Éric, dix-neuf années de réclusion ; Alain, quatorze ans ; Louis, dix-huit ans ; André, trente-cinq ans ; et Annette, compagne d’un détenu, huit ans durant. Tous réunis sous la houlette du metteur en scène Didier Ruiz, qui entend relater l’univers carcéral dans un spectacle vivant à travers la voix d’anciens détenus ayant effectué une longue peine. Mais comment vit-on une longue peine ? Comment négocier avec elle ensuite ?

Se succèdent les souvenirs, des souffrances ancrées dans la caboche, entre inhumanité et privations iniques. L’un se remémore : « J’suis sorti un peu perdu ; rentré avec une famille, des enfants, une mère, un frère, ressorti sans plus personne. » Libéré « une main derrière, une main devant ». Un autre évoque ses neuf années d’isolement. Soit un enfermement dans l’enfermement, sans jamais adresser la parole à personne. « À quoi bon ? » À chacun son histoire, son témoignage brut de décoffrage, sans artifice.

Avec Après l’ombre, son troisième documentaire consacré à la prison (À l’ombre de la République ; À côté), Stéphane Mercurio propose une réflexion sur les conditions d’incarcération et plus encore sur le sens de la peine, a fortiori quand elle dépasse plusieurs années.
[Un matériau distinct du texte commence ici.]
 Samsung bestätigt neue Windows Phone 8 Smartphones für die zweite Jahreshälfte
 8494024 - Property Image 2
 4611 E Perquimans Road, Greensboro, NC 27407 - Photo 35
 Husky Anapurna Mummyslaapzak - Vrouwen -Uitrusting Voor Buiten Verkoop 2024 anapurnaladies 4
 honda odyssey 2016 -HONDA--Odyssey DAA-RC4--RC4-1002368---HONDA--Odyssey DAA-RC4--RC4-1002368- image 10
Et c’est au bout des meurtrissures, non pas que la pièce aboutit, mais que se libère la parole, dans le flot des confessions, des échanges, des répétitions théâtrales. En jeu, une reconstruction psychologique et physique – car il s’agit aussi d’occuper l’espace quand on en a été longtemps privé. À la clé, une dignité à retrouver.

Alternant répétitions, discussions, cours de danse et représentations, la réalisatrice filme à son habitude dans la fleur des nerfs, avec discrétion et pudeur. Reste un réquisitoire tendu et sidérant.

Après l’ombre, Stéphane Mercurio, 1 h 33.